11月からずっっっっと観たかったすずめの戸締り観てきた。実母に乳児をみてもらって、久しぶりにオットと映画デート時間過ごせて最&高!!!

めちゃくちゃネタバレします。勘弁してくれって人は読まないで戻ってくださいね。
これほどの作品観た後だからアウトプットしないと死んでしまうわ無理無理。




キャラクターと声の感想。

もう98%草太さん見たさで行った。黒髪長髪ブルベ泣きぼくろ長身細マッチョってお前私の性癖にささり過ぎだわ。そのビジュアルで祝詞?閉じ師とか設定盛り過ぎなのにカッコ良さに胸焼けしないのはなんでだ?役どころがヒロインめいてるからか?1回画面から出てきてみ?匂いかがせてみ?あと髪結わせて?うなじ間近でみせて?松村くんの演技が思ったより大分上手くてキャラを全く邪魔してないのが良かったよお。

すずめちゃんは思ってたより大分勇敢で身体能力体力おばけでした。やってる事とっても勇者で男前なのに、一目惚れした相手にひたすら一途に必死になる姿や、男子慣れしてない所がとっても可愛かった。椅子と一緒の旅だからすずめちゃんらしくいられたけど、リアル草太との旅だったらちょっと私直視できなかったかも。照れる場面てんこ盛りになりそうで。悲しみながらでも恋を頑張る無敵ガール大好物過ぎ。ひたすらひたむきで瑞々しい17歳感も良かった。原ちゃんの声と良くリンクしてて最高だった。

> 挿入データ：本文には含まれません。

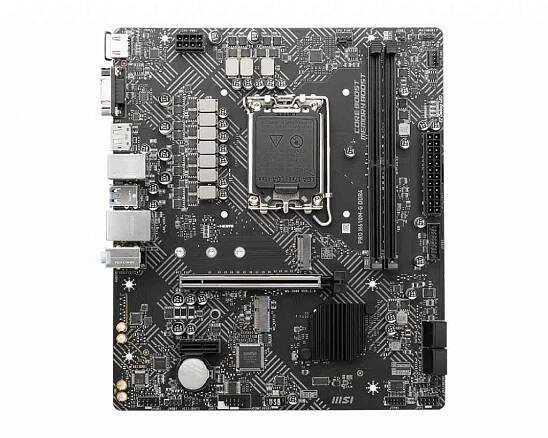 MSI PRO H610M-G DDR4 - Smarty.cz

突如出てきた芹澤くんは、チャラ貧乏大学生ええカッコしいセンスおかしい奴なのに、教育学部専攻、携帯灰皿携帯、友達の為とはいえすずめを叔母と一緒に車に乗せちゃうとことか、闇深な姪叔母って知っても最後までお付き合いするとか、途中で車壊れてもドアにガムテープ貼って2人を追いかけるとか…もうホントお前の懐どないなってるんや!!って癖を改造させるインパクトあるキャラで、ハ〜…好き〜…しかもcv神木くんでしょ…ハ〜…2度美味しい…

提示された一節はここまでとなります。